The film has the town of Warlock under siege by the cowboys from a nearby ranch. Because the owner is the big cheese his men feel they can do what they want. Since they are far off from the county center lawmen are scarce. In desperation the town hires Henry Fonda a legendary lawman at 4 times the going rate. Fonda comes to town promising change and with his friend Anthony Quinn in tow. Drifting between the two groups is Richard Widmark, a cowboy with a strong sense of right and wrong and a healthy dose of loyalty.

One of the grayest films you’ll ever see, this is a film that is very much like the Widmark character that drifts all over the place as it tries to work out who is good and who is bad. Everyone is both less and more than they seem. Everyone does and has done bad things as well as good things. You really can’t root against anyone because everyone is flawed. It makes for an interesting viewing experience especially since westerns tend to be either black or white. The only one who embraces the uncertainty is Widmark who is actually the center, moral and story wise, of the whole film. His drift from on the lawless side to the that of the law is the journey that the audience and the town takes.

Weeks after seeing the film I’m still pondering it. I still don’t know how I feel about it. I like it but beyond that I don’t know. No western I’ve ever seen is less (intentionally) clear cut. It’s something that I think has kept the film on the outs with western fans who very much want one thing or the other. The lack of a definite POV makes the film more realistic and forces you to really think about it. (Hell I’m writing it up to try and work it out.)

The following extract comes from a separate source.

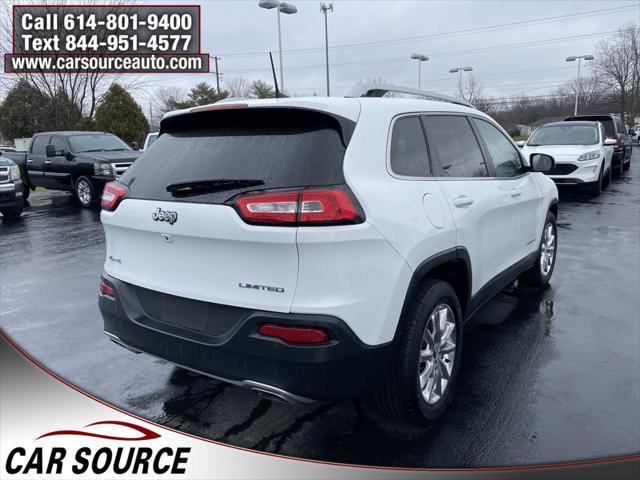 used 2016 Jeep Cherokee car, priced at $11,995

Of note is the relationship between Fonda and Quinn. While it is not openly gay, there is no mistaking that’s what it is. While both men have relationships with women, it is the relationship between the two that is most important. Even if they are not a couple, they are in fact one. I have to applaud the fact that it’s there and that no one really cares.

If you want a boundary breaking western WARLOCK is the film for you.